Anna Segher's novel Transit (1944) is the leitmotif of this film essay on German exiles in France and their escape to the South after Hitler marched into Paris. But Fluchtweg nach Marseille is neither adaptation nor documentary: actors recite and react to passages from the novel. Eyewitnesses speak. Documents from the Nazi era are contrasted with images of places and landscapes in which the settings of persecution and escape come back to haunt both the filmmakers and us. This is a search for evidence that interweaves facts, personal recollections, and both literary and visual reflections.
The Film
Fluchtweg nach Marseille - West-Germany 1977 - Directed and written by: Ingemo Engström, Gerhard Theuring Cinematography: Axel Block, Melanie Walz Sound: Karlheinz Roesch Edited by: Heidi Murero, Elke Hager - Cast: Katharina Thalbach, Rüdiger Vogler, François Mouren-Provensal - Contemporary witnesses: Ruth Fabian, Peter Gingold, Alfred Kantorowicz, Ernst Erich Noth, Ida Pozner, Vladimir Pozner - Sprecher: Reinhart Firchow, Hildegard Schmahl - Production: Theuring-Engström Filmproduktion, Westdeutscher Rundfunk Köln - Premiere: 12. October 1977 (Internationale Mannheimer Filmwoche) - Full runtime: 209'
Escape Route to Marseilles
The starting point of this film goes back to the early 1970ties, where we were reading Bertolt Brechts Arbeitsjournal, that's to say his work journal, which was a kind of collage of pictures, press photos, press cuttings and personal notes, which we considered as a kind of method, a sort of model for working with film. We had at this time recently achieved our studies at the Film- Academy in Munich, we had just finished our first fictional or experimental films, DARK SPRING (Ingemo Engström) and LEAVE ME ALONE WHY DID YOU LEAVE AMERICA (Gerhard Theuring), and we were looking to create our own independent film production, what was done in 1974. At this time, there were special fiction-, film- and literature-departments on a German TV-station (WDR), where young filmmakers had the possibility to develop their low budget-projects, and ESCAPE ROUTE TO MARSEILLES had been produced in this way. The film had a great echo after his start in cinema and television and he was programmed at many international film festivals. After what he was not only distributed and seen in different countries, but there were also several workshops and investigating works at its purpose. So we had in fact a never-ending attachment to this film through many years and decades till today.
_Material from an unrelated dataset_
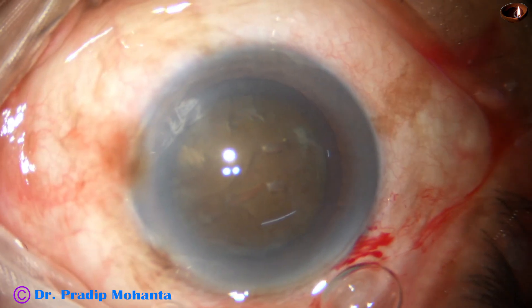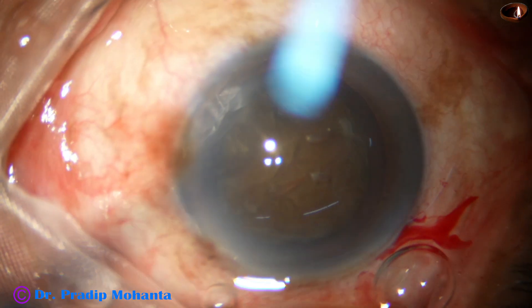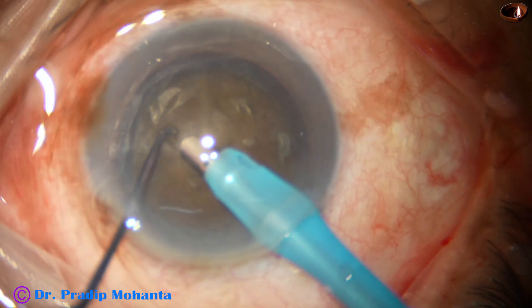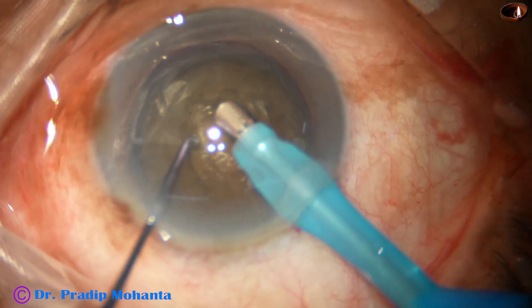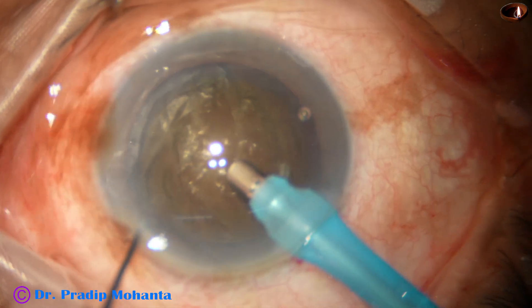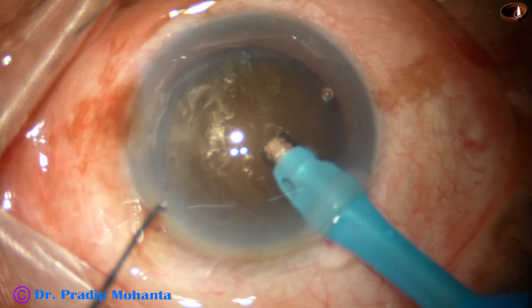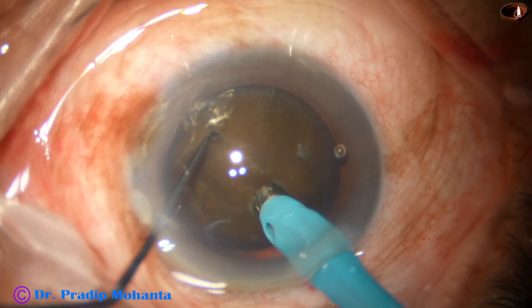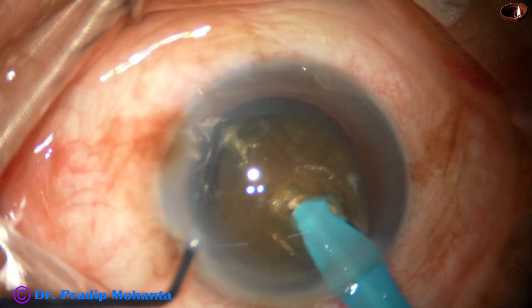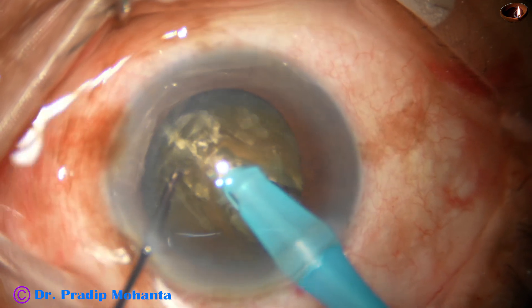Some more visco, and now is the time to introduce the FACO handpiece. The FACO needle goes in with its bevel down. Some superficial lens matter — cortex and epinucleus — is removed. Then the handpiece is turned to make the bevel up, and the tip is buried just in front of the main incision. It goes through the substance of the nucleus as a submarine goes through water — this is known as Dr. Mahanta's submarine charm.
What is the subject of the film? Its subject is to trace the escape route of the German emigrants in France in 1940/42, with Anna Seghers' novel Transit as leitmotif. We are saying leitmotif and not "film adaptation". Not at all. ESCAPE ROUTE TO MARSEILLES is the exact opposite of this. That's to say that the film consists in fact in a pure and mere contrapuntal confrontation of images, words and voices, landscapes and human faces, testimonies, archived documents, theoretical and factual propositions, musical evocations and nature impressions, all sorts of languages, whereof can arise the pure song of resistance. And it's exactly in this manner that the novel of Anna Seghers is present in the film, that is to say as the narrative text which it is, as such represented by Rüdiger Vogler in a sort of "distant incarnation". And it's the same for Katharina Thalbach, who has the female part in the book and in the film and who appears in the second part of the film.
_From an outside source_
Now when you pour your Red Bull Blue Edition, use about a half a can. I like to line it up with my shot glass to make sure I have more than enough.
So, the real subject of the film is resistance. Résistance as a historical movement in France. But also resistance as the invisible, but constant background of the film. And resistance in the making of the film itself. Which finally gives him it's form and structure. Which aspect provoked the mul- tiple echo in its contemporary and also later reception. What is résistance in the 1940ies? What is resistance in the 1970ies? And especially: what is resistance in the making of a film? This is in fact the constant questioning and central purpose of the film. Not to "represent" history, but to make history present.
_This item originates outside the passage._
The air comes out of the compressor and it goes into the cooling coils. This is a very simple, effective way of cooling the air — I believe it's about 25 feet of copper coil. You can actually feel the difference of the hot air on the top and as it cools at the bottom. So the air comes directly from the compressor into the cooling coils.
In which context we refer to Walter Benjamin. Who, in a memorable script, had pronounced this fundamental idea, that we have to "articulate the past historically", in a sort of "memory, as it flashes up in a moment of danger". Where the rescue of the past accords with the rescue of the present. Our present. Here and now. Presently. "In a moment of danger", as Benjamin says. Dan- ger, because, if this fails, both, past and presence, will be for ever lost. Benjamin developed this idea in his last script, Über den Begriff der Geschichte / About the Concept of History, which is a short, but fundamental script in every sense. It was probably a copy of this script that Benjamin had with him on his flight over the Pyrenees in 1940. Trying in some way not only to save his own life but also a highly significant thinking. This episode, the flight over the Pyrenees, has a central place in the film. Which also marks the center of its own questioning and purpose. And we were probably, in 1975, one of the first ones to set out for Port Bou, which marks Benjamin's last station in this world. Whose cemetery Hannah Arendt described in these words: "The cemetery looks out onto a little bay, right over the Mediterranean. It is one of the most fantastic and beautiful spots that I have seen in all my life." Where abruptly and in a stupendous way we discovered the mul- tiple implications concentrated in this place. Place of a sepulcher, which was said to be apo- cryphal. Place of a sepulcher, which meanwhile disappeared. Place of a New Angel, which there appeared to us for the first time. A place in its untouched, in its cryptic, in its clandestine and confidential epiphany, in its wilderness and virginity. Yes, in a moment of danger, for us and at all. "The true picture of the past whizzes by. Only as a picture, which flashes its final farewell in the moment of its recognizability, is the past to be held fast. ... For it is an irretrievable picture of the past, which threatens to disappear with every present, which does not recognize itself as meant in it." This is, what about ESCAPE ROUTE TO MARSEILLES are speaking of.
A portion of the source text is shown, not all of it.